#### EXERCISE DETAILS
Copy exactly the lines of the data below, beginning with the line with "New 2026 Hyundai Tucson SE image 5" and ending with the line with "Photographie CDV - Jeune". Pictures are to be omitted.

#### GIVEN DATA
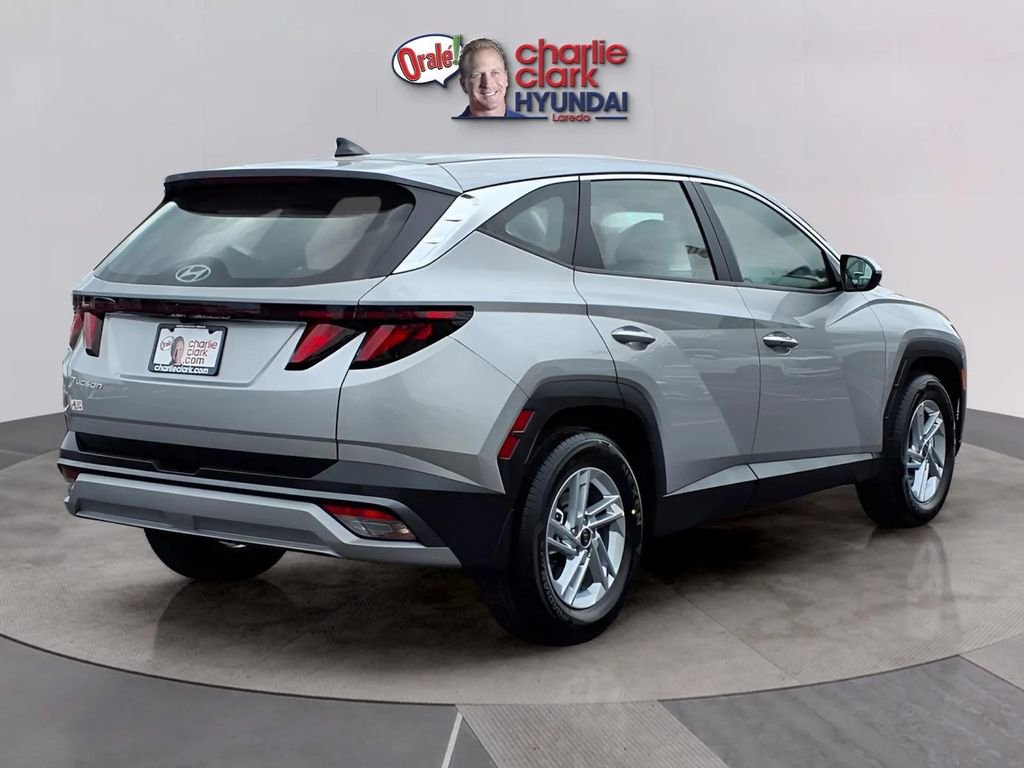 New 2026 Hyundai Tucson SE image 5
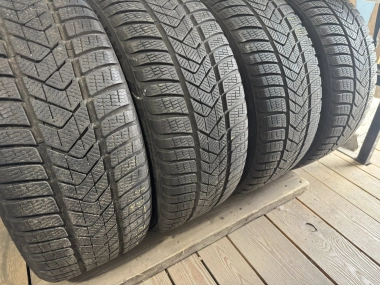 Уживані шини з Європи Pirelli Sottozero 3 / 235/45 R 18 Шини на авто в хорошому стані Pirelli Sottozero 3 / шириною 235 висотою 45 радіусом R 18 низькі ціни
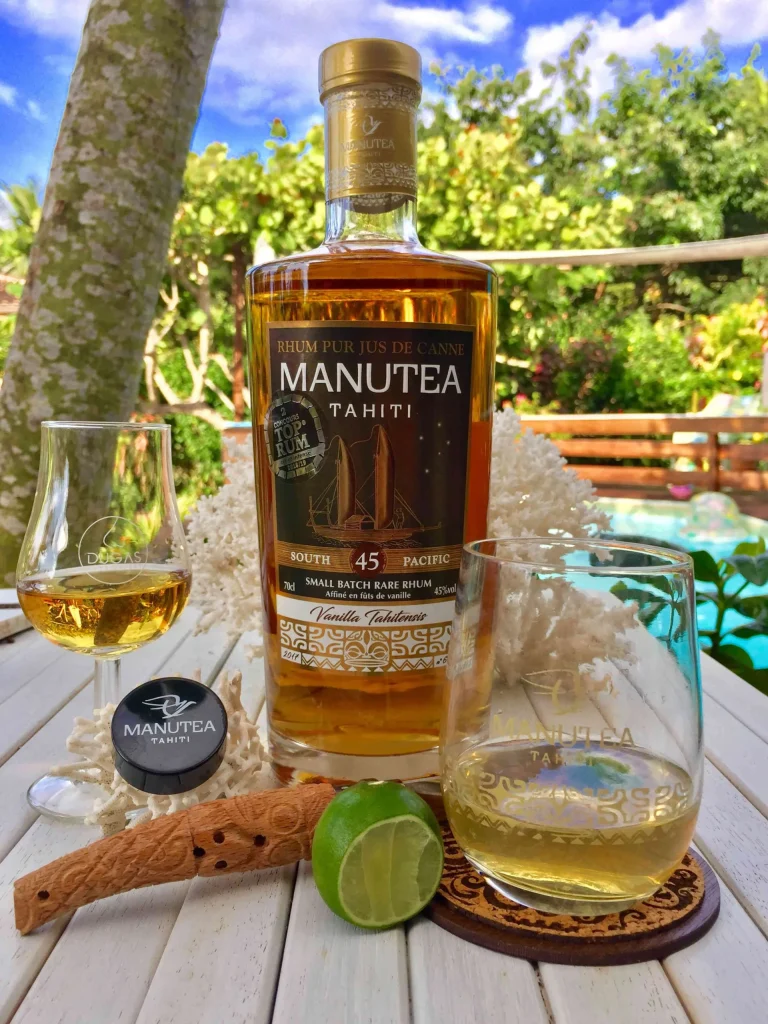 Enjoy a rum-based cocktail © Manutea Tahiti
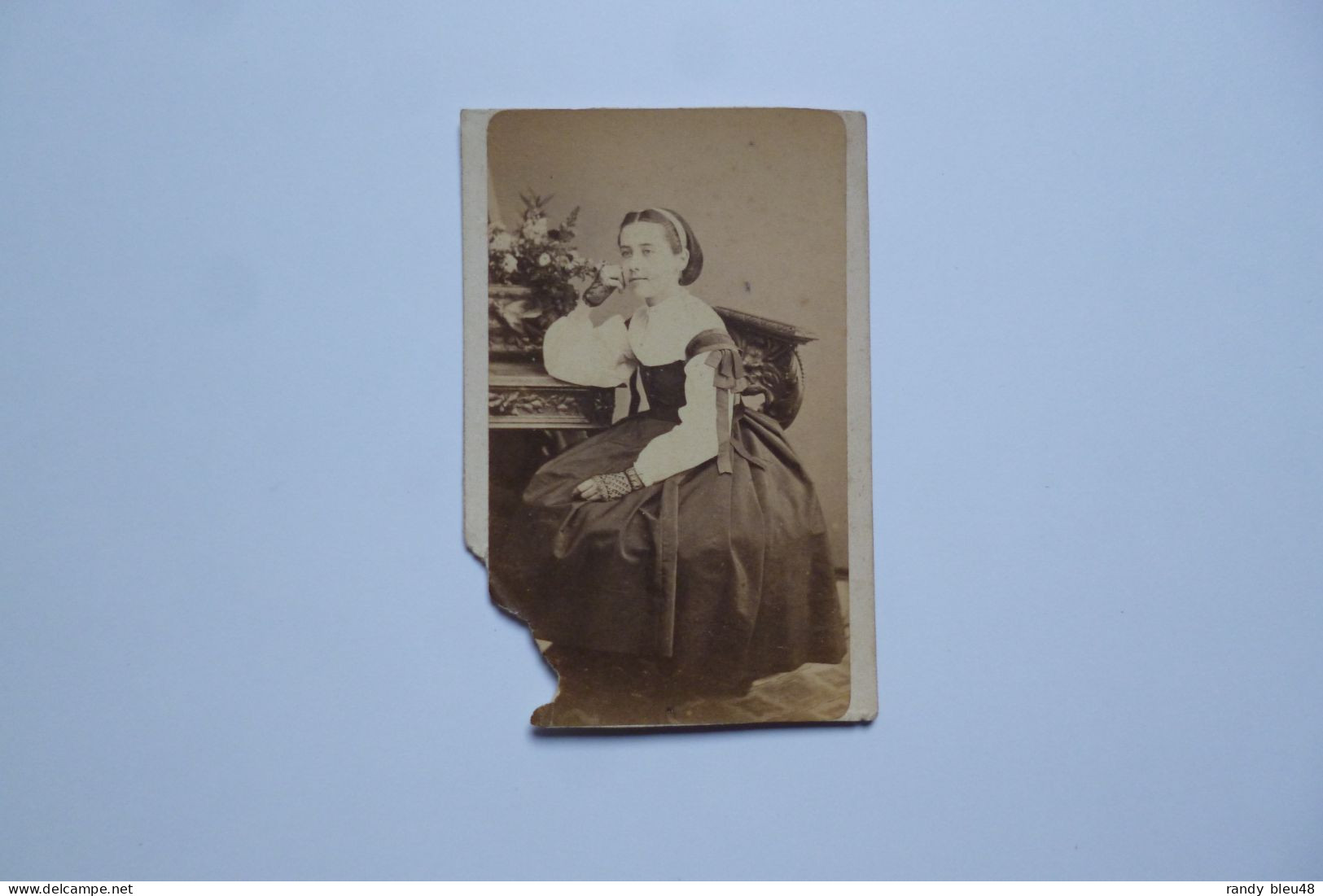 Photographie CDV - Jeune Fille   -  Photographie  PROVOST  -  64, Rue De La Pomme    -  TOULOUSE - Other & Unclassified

---

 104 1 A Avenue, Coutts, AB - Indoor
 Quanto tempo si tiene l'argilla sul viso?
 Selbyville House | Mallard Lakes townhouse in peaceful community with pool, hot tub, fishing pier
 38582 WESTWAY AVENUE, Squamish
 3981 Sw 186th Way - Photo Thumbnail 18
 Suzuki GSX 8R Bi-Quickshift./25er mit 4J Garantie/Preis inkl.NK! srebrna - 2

#### SOLUTION TO THIS PROBLEM
 New 2026 Hyundai Tucson SE image 5
 Уживані шини з Європи Pirelli Sottozero 3 / 235/45 R 18 Шини на авто в хорошому стані Pirelli Sottozero 3 / шириною 235 висотою 45 радіусом R 18 низькі ціни
 Enjoy a rum-based cocktail © Manutea Tahiti
 Photographie CDV - Jeune Fille   -  Photographie  PROVOST  -  64, Rue De La Pomme    -  TOULOUSE - Other & Unclassified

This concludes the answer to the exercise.